Thirst… That’s right, nothing but plain old thirst.
Their roots must have plenty of water available at all times, and if this is lacking, they are goners. You may have to water twice a day or more to satisfy these shrubs. For good measure on potted material you many want to immerse the plant pot in water for half an hour, just to make certain that the shrubby roots are thoroughly soaked all the way through.
Increased humidity is always beneficial to these shrubs. If top spraying will not spot the blossoms, syringe the plants with tepid water each morning; otherwise, keep them in as humid a place as possible. They need cool conditions, and full light for best growing.
Frequently I have read that full sunlight should be provided, but this often leads to leaf scorch, red spidermite, and bud blast which to me seems a high price to pay for best flowering and coloration; I would rather take my chances on having less perfect blossoming and end with a healthier plant.
Most shrubs, forced for Easter or blooming normally at that time, may be set outdoors when the weather warms. Unless you live in a temperate zone, gardenias and the tender azaleas and hydrangeas will need to be brought indoors again in the fall; if your plant is a “fairy” rose, it may be left out for a brief dormant period before being placed in the window garden for the next winter.
The Non-Bulb Easter Flower Picks – Primroses, Calceolarias, Cinerarias, and Chrysanthemums
Although they are neither bulbs nor bushes, but blooming their heads (flower heads, of course!) off willingly or under duress, we find primroses, calceolarias, cinerarias, and the ever-popular chrysanthemums. I dislike chrysanthemums at Easter as whole-heartedly as I would resent Easter lilies at a football game, but who am I to go against millions of people who adore them at any season?
Calceolarias are the plants with little pouch-like blossoms, highly colored and heavily spotted, while cinerarias are the large-leaved plants with daisylike flowers that look like a small child had worked them over with poster paints. These two are properly classed as “florist’s plants,” meaning that successful cultivation of either without benefit of a well equipped greenhouse is almost an impossibility.
If these are yours to give or get, provide them with a cool, bright spot and ample water, enjoy them while they look nice, and dispose of them when they begin to fade.
Most of the primroses in flower for Easter are tender, and cannot tolerate temperatures much under 50 degrees. These, like the bulbous plants discussed previously, need coolness, moisture, and protection from bright sun. They should, with proper care, continue in presentable condition until they can be set outdoors for the summer, and may even still look good when brought indoors ahead of frost in the fall.
Chrysanthemums are reliable repeat performers, and really deserve far better care than they are usually accorded, I have had plants that were in flower for Easter flower again in late summer in the garden, not with blossoms of the same size and quantity, but satisfactorily enough to suit anyone. Give mums ample water, as much sun as they can stand without getting red spidery, and shower their tops often with tepid water. Keep faded flowers cut off, and remove unsightly leaves as necessary; then, when the plant has opened its last bud into full bloom, rest the plant in a cool place, or set it out in the border.
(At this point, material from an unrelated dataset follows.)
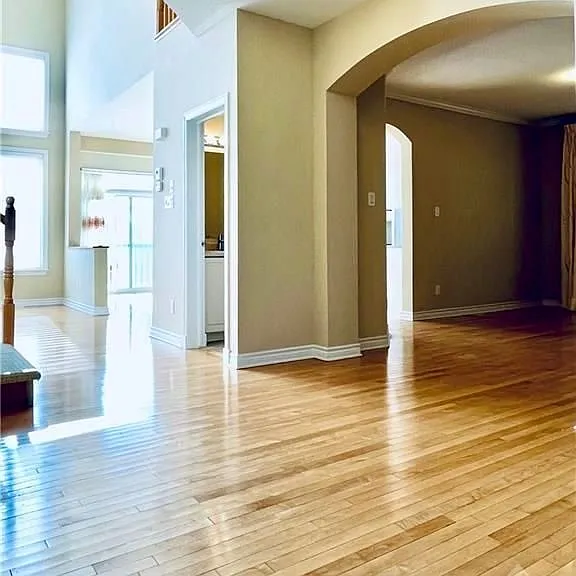 195 Keyrock Dr — Photo 10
Keep in mind these points to preserve the beauty of your flowering, potted plants as long as possible: use tepid water, and give water whenever the plants need it, but always check in the mornings and apply water at that time. Increase humidity unless you are fortunate enough to have above—average moisture content in your home. Keep the plants cool. Give them the brightest light possible, but avoid too much hot sunlight even for the natural sun lovers. Remove faded leaves and flowers promptly. Above all, check the plants every day to see that their needs are being met.